Lamentarsi, e basta: vedi alla voce “accidia”

di questa Quaresima –

Ci sono parole che sappiamo appena dire, magari snocciolare per fare sfoggio di una cultura che non c’è. Poi, quando ci planano dentro, ne restiamo estasiati e vorremmo averle conosciute da sempre, perché sentiamo che possono cambiarci in meglio. Ma poi stentiamo a riconoscerle, perché oramai fanno parte di noi. Prendiamo “accidia”.
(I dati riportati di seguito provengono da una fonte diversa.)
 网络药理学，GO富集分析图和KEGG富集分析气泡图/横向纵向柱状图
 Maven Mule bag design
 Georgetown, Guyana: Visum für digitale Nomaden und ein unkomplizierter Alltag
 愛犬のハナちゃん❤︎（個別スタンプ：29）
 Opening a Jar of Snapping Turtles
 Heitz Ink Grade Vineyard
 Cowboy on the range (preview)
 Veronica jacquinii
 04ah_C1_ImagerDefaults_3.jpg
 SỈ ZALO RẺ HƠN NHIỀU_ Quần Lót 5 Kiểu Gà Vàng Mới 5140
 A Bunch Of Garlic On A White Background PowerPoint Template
Stamattina ne ha parlato papa Francesco, tratteggiando nell’omelia il dialogo tra Gesù e il malato presso la piscina di Betzatà. Quest’ultimo, ha detto il pontefice <era malato nel cuore, era malato nell’anima, era malato di pessimismo, era malato di tristezza, era malato di accidia>. E il suo peccato era <di sopravvivere e lamentarsi della vita degli altri: il peccato della tristezza che è il seme del diavolo, di quella incapacità di prendere una decisione sulla propria vita, di guardare la vita degli altri per lamentarsi. Mi fa pensare a tanti di noi, a tanti cristiani che vivono questo stato di accidia, incapaci di fare qualcosa ma lamentandosi di tutto>.

Ecco perché stentiamo a riconoscere questo nostro peccato, così moderno, che si chiama accidia.